Drinnen sitzt hinterm Fahrer an einem Katzentisch Christian Winck in Uniform. Überraschte Fahrgäste fragen: „Sind Sie wirklich echt? Ist ja zum Piepen!“ Winck, eigentlich Bezirksbeamter, ist heute – wie auch der Versicherungskaufmann Detlev Mittag – ehrenamtlicher Schaffner im Auftrag der BVG. Kassiert, wechselt, stempelt.
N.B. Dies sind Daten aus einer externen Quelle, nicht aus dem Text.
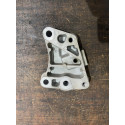 Suporte Coxim Câmbio Chevrolet Tracker 1.2 2021 2022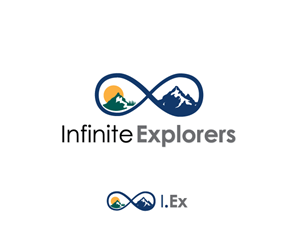 Logo Design by ArtDesignSublime for this project | Design #1920293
Zehn ihrer 30 Nachkriegs-Oldtimer hat die Arbeitsgemeinschaft Traditionsbus gestern zu Ehren des 75-jährigen BVG-Bestehens in die West-City-Linie 119 geschleust. Die Alten tragen die einstige Liniennummer „19“, was Touristen verwirrt. Ein Leipziger Ehepaar, das die Glühlämpchen im Bus bewundert, hat gar nicht mitbekommen, dass es in einem Oldtimer sitzt. „Ist das ein komischer Bus“, ruft ein Kind, „wo geht’s denn nach oben?“ Hinterm Fahrer nicht. Auch andere Fahrgäste suchen. Die Stufen sind mittenmang auf den ersten Blick schwer zu erkennen.

Hinterm Steuer eines 40 Jahre alten Büssings, zehn Tonnen Leergewicht, muss Olaf Pullert richtig kurbeln. „Von wegen Servolenkung. Wir sind hier noch richtige Kraftfahrer“, sagt sein Kollege Hans-Peter Wagener. An den Endhaltestellen müssen allein acht Stationsschilder ausgewechselt werden.

Dass Gabi Schmidt zurück in die Kindheit fährt, hat sie einem Mann zu verdanken, der sich still am Henriettenplatz freut. Frank von Riman-Lipinski hatte vor 16 Jahren in Rüdesheim einen zum „Weinbus“ degradierten BVG-Bus entdeckt. Er kaufte ihn, gründete die Arbeitsgemeinschaft Traditionsbus. 62er, 68er und andere edle BVG-Jahrgänge konnten so gerettet werden.C.v.L.